Implement Option A items 1-2 and 5: - Add absorbed_into field for auditable removal - Add remove_reason categorization - Fix observability (silent failure masking, user_prompt, calls_succeeded)

These are low-risk, independent changes that make the step more inspectable without changing its behavior.

Medium-term (next 3-5 iterations)

Implement Option A items 3-4 and 6: - Survivor-overlap validation pass - Replace missing → secondary with missing → unresolved + repair - Calibration checks with optional second pass

Long-term (future consideration)

Evaluate Option B (two-pass) or Option C (cluster-based) based on whether the incremental improvements are sufficient. The current single-call architecture may hit a quality ceiling where one LLM call cannot reliably do both overlap detection and prioritization well. If that happens, Option B is the natural next step.

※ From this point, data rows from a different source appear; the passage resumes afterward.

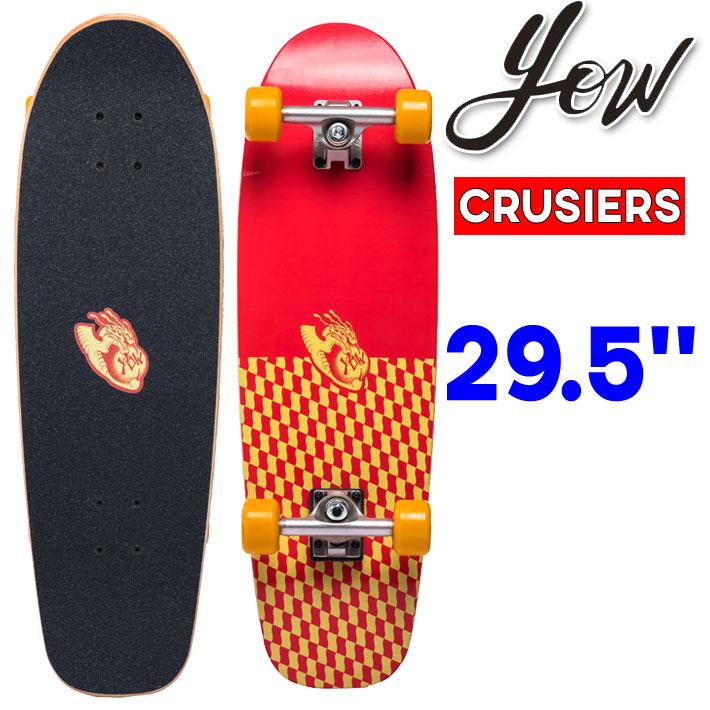 YOW（ヤウ） サーフスケート サーフクルーザー DALLAS 29.5インチ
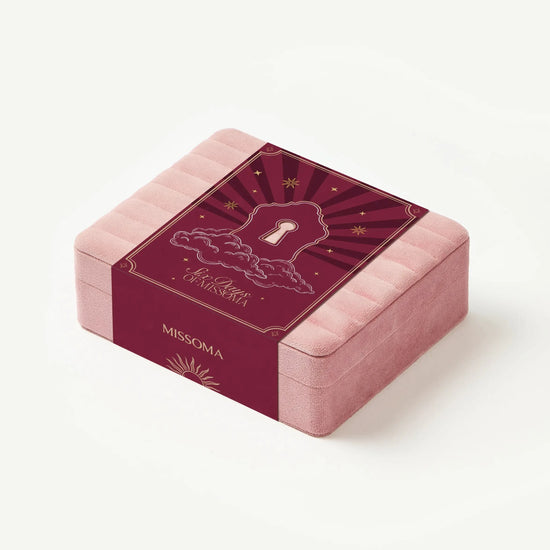 Gold Jewellery Advent Calendar | 18ct Gold Plated Advent Calendar Missoma 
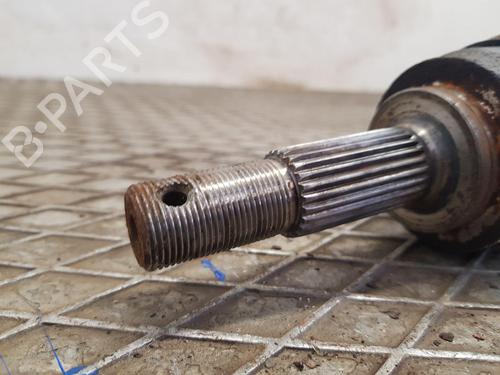 Left front driveshaft NISSAN NOTE (E12) 1.2 | BP29262600M38 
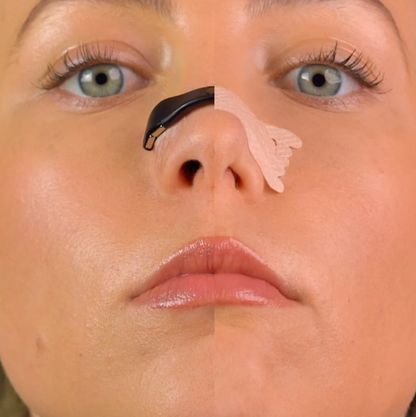 Clearnose™ - Award Winning Magnetic Nose Strips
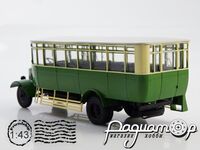 Наши Автобусы №37, Я-6 (1929) NA037 [MA]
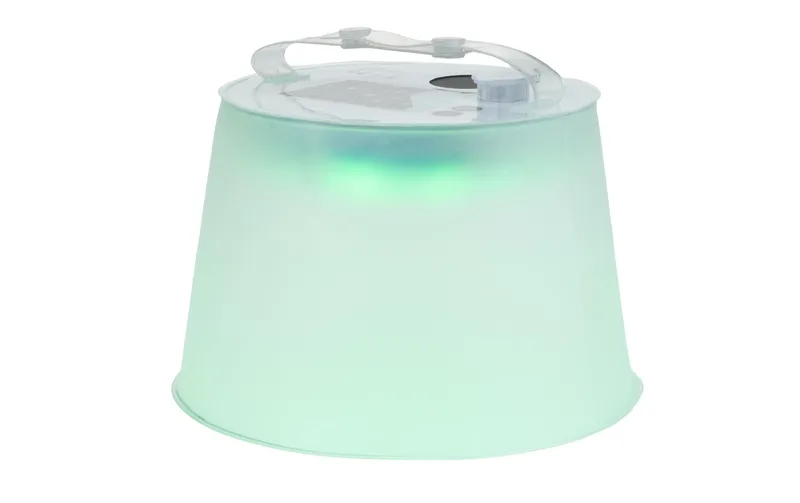 KOOR Campinglampe Lumora LED, RGB, Speakerfunktion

Option D (mechanism-based) is interesting but too expensive for the current model roster. Worth revisiting when cheaper structured-output models become available.

Lessons Learned

From 9 iterations of optimization

Architecture matters more than taxonomy. Changing labels (keep vs primary, absorb vs remove) across 5 iterations produced nearly identical results. Changing from 18 sequential calls to 1 batch call produced a 3x speedup and eliminated position bias.
Relevance and deduplication are different questions. A lever can be highly relevant to the plan AND fully redundant with another lever. Asking "how relevant?" (iter 50, Likert scoring) produced 0% removal for capable models. Asking "is this redundant?" (iter 51-52, categorical) restored deduplication.
Integer scales can be inverted; categorical labels cannot. llama3.1 scored 17/18 levers as -2 while writing "highly relevant" in justifications. This failure mode is structurally impossible with categorical labels.
Output length directly affects model completion. Shortening justifications from ~40-80 words to ~20-30 words let llama3.1 finish within timeout on all plans. Advisory length constraints work for API models but are fragile for local models.
The step currently mixes two goals. Deduplication (overlap reduction) and prioritization (primary vs secondary) are fused into one decision. This creates a retention bias — anything that seems important survives, even if it overlaps. Separating these concerns is the most promising architectural improvement.
Conservative retention is a valid design choice for an intermediate pipeline stage, but it has consequences: the output is noisier, later stages inherit ambiguity, and the step no longer provides a clear compression boundary. The current design accepts this tradeoff because step 4 (FocusOnVitalFewLevers) handles further filtering.
Single-batch reasoning is powerful but brittle. The model sees all levers at once (good for global consistency) but one bad completion corrupts everything (no repair mechanism). Adding a validation pass over survivors would catch the most common failure modes without requiring a full architectural change.